Far too many group homes and foster care givers fall far short of providing a safe haven for traumatized children and state ward children are often;

* forced to take psychotropic medications without adequate mental health services

* abused while in child protective services

From reporting to discharge, the over representation of Black children in the child protection system cannot be overstated.

Nationally,

37% of children are reported to child protection by the time they are 18 unless they are black, when the number jumps to 54%.

Black families are 4 times more likely to be subjects of a child protection investigation & 5 time more likely to experience a child protection report than white families.

Black children are 5.3 times more likely to be placed in foster homes than white children.

After 20+ years as a white volunteer CASA guardian ad litem, I know that the system leaves few people involved with it satisfied and I very much see why black families think the system is a money driven machine.

Not having a child protection system would be unethical and deadly for children. Our best hope is to make the changes that are critical to building a fair and effective system that breaks the cycle of generational child abuse.

Communities that fail to support young mothers and their children will not have schools performing at acceptable reading, math or graduation rates and they will continue to suffer high crime and incarceration rates. The U.S. criminal justice system has approached a near 80% recidivism rate within the prison system.

To this end, Kids At Risk Action strongly supports the efforts of Safe Passage for Children of Minnesota

www.safepassagemn.com and the CASA guardian ad litem volunteer program www.casamn.org

Cars With 3 Wheels (From Our Friends At Safe Passage For Children Of Minnesota)

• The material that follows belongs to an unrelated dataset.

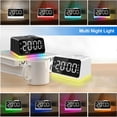 thumbnail image 4 of Reloj despertador JALL con radio FM digital para dormitorio, 8 colores, luz nocturna, 4 of 8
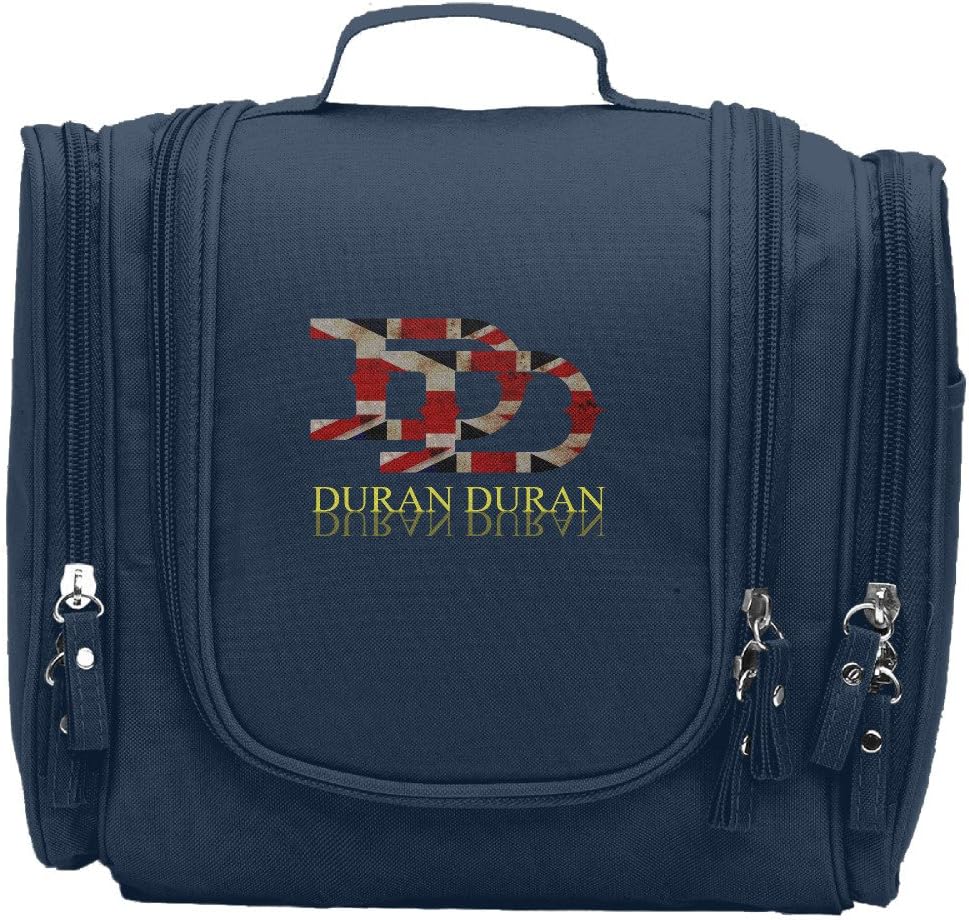 Duran Duran With British Flag Cosmetic Makeup Bag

A car with three wheels is not 75% as good as one with four. There is a minimum set of features without which a car won’t move at all.

This principle applies to child welfare because elected officials have frequently given this program much less than managers request, and assumed they somehow will make things work. But if the system has, for example, adequate staffing but poor training, or lacks a quality assurance program, it is like a 3-wheeled car. It simply won’t run.

Minnesota has an historic opportunity to rebuild its child welfare program. To accomplish this the legislature must step up to approve the $50 million that the Governor has put in his budget, so state and county managers have the tools they need to do the job.

News From Safe Passage For Children of Minnesota & The Child Protection Task Force

Follow Governor Dayton’s Budget and Child Protection Task Force News at Safe Passage for Children of MN links below;

Performance Mode

Work Group Meetings Update

Governor Dayton’s Child Protection Budget

Report on Governor’s Task Force and Work Group Meetings (Jan 14)

While I’m optimistic that these concerned people are working on improving services and strategies for abused and neglected children of Minnesota, it is painful to read the continuing sad news being reported about overwhelmed social workers, class action lawsuits, inadequate safeguards, and growing caseloads. It frightens me to think about how much (or how little) can be changed by one task force in one year within a system that handles sixty thousand children annually on a limited budget and imperfect systems. What happens next year?

If we valued children or even just understood the economic impact of under-served abused and neglected children passing through our schools, communities, courts, and in the end, juvenile and criminal justice systems, things would be different. Basic math proves the extraordinary costs to communities of failed schools and children unable to graduate on a trajectory to dysfunctional lifestyles and another generation of troubled families with more abuse and neglect.

Early childhood programs are a great investment in our communities and our children. Both the kids and our communities deserve better. Support the CASA guardian ad-Litems in your community & give children a voice.